Blended hourly rate standards can be developed for all but the most complex file types and categories. A customized blended rate can be generated for the most complex matters by a rigorous legal project management process.

The objectives are to encourage teamwork and the appropriate delegation of labor with law firms. However, this KPI is not designed to control the number of hours per file.

The law department should incorporate the blended rates into the partnering agreements with its preferred firms. The effect is to reduce the amount of monitoring of the firm’s practice management habits.

Weighting the KPIs and Initiatives

Some law firms maintain that each case is different and that they cannot be held accountable for results and the number of hours per file. The introduction of standards for cycle times, number of hours, and work distribution mitigates such objections. KPIs for Results, Efficiency and costs (Total Legal Spend and Unit Costs) have been accepted practice for more than 10 years.

Most firms will readily accept the five KPIs and related initiatives. However, they may object to the weighting given to each initiative. They may also wish to include other KPIs such as legal expertise. The response by the department should be consistent with trade literature surveys on why clients select and keep law firms as counsel. The top reasons are rarely about saving money. Instead, they relate to quality of service and getting the job effectively.

For this reason, the Results KPIs represents 40 % of the value of the expected performance from law firms. Many firms have improved their service levels, making this a dimension on which differentiation among firms is difficult and less relevant. The focus for clients is to secure the planned results on each matter, thus supporting at least 40 % of the weighting given for results.

The two sample initiatives for efficiency target productivity improvements. Law firm culture and the hourly business model do not encourage productivity. The law department should require its preferred firms to actively manage productivity and demonstrate improvements using proven methods. Each law firm can build up a track record over time so that the law department can compare the success rates of each firm. Allocating a 30 % weighting to the efficiency initiatives sends the right message. One can reduce this weighting in favor of the Results KPI or raise the standards after a few years.

Only 30 % of the weighting for performance directly measures financial performance, even though the Efficiency KPI does so indirectly. There is very little ambiguity in the two financial KPIs. The challenge is in the research, in setting budgets, and finalizing blended rates. A 30 % weighting for financial performance suggests that quality (results) and efficiency together (70%) are more important than saving money. The KPIs and initiatives should be highly correlated and integrated. Performance management in professional services requires it.

The law department sets specific targets based on the business relationship, working protocols, standards, budgets, blended rates, cycle times, and effective use of legal project management.

The law department team should conduct a monthly evaluation and share the result with firms every six months. Transitional arrangements may begin with bi-monthly rather than semi-annual de-briefings with firms for the first year. But a de-briefing does not alter the plan that formal evaluations should be conducted every six (6) months.

Some law departments link law firm performance to allocating a larger share of files. The expression “You get what you measure, and you get what you pay for” should apply. In the same vein, performance can be better aligned with alternative fee arrangements than with a straight discounted hourly rate.

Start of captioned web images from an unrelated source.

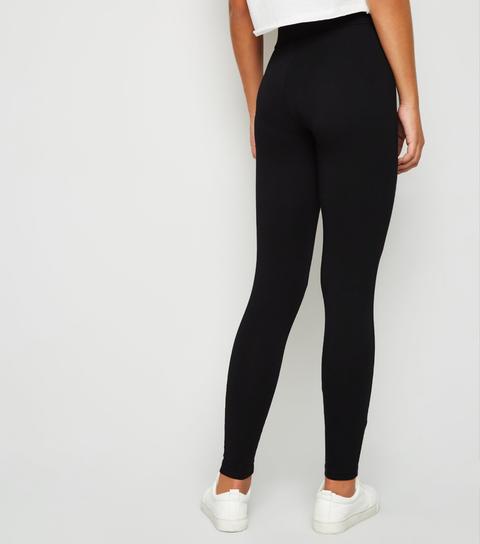 Girls black high waist leggings, new look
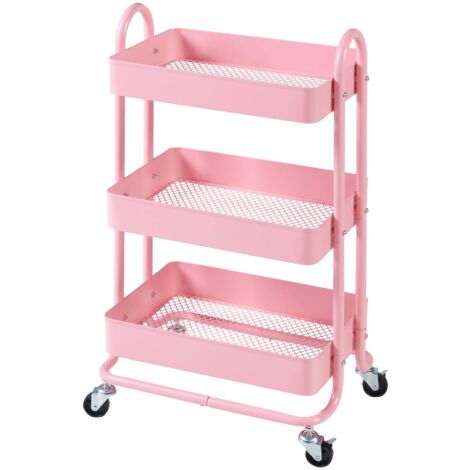 Carrito de servicio mueble de almacenaje para cocina y salón con 3 cestas acero 79 x 46 x 35 cm rosa 030009231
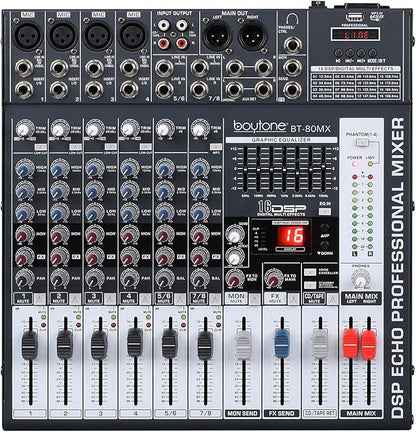Boytone Dj Mixers 8 Channel Audio Mixer Sound Board with Bluetooth, USB MP3 Port Player with 48V Phantom Power Sounds Mixer with 16 Bit FX Effect, BT-80MX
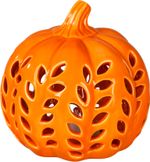 Decoration MagicHome Nature, pumpkin, with light, porcelain, 10.5x10.5x10.6 cm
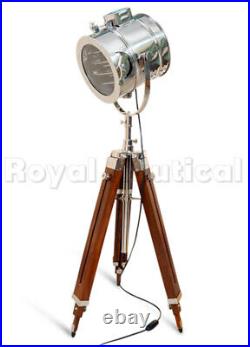 Spotlight Searchlight LED Lighting UK Wooden Tripod Floor Lamp Royal Nautical
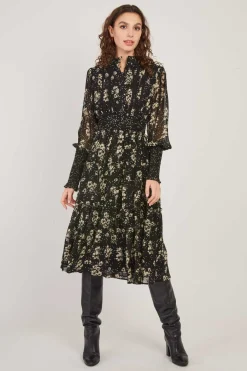 Outlet Robe Mi-Longue Imprimée Manches Longues BELLISSIMA Robes Imprimées|Robes Longues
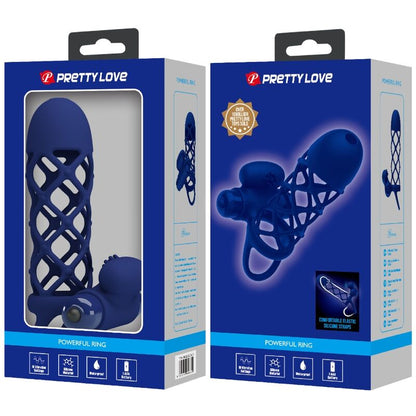 Anel vibrador PRETTY LOVE Giann com bainha de silicone azul, para ereções e estimulação mútua.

Agreements with Preferred Firms

The commitment to performance management should be embedded in multi-year partnering agreements with preferred law firms. KPIs, the related initiatives, and targets should form part of the agreement. It makes sense to also include law department operating protocols, legal practice management and budgeting templates, the levels of complexity and staffing distributions by file category and complexity, and the blended rates by level of complexity. Finally, the agreements should briefly describe how the performance management system will be managed.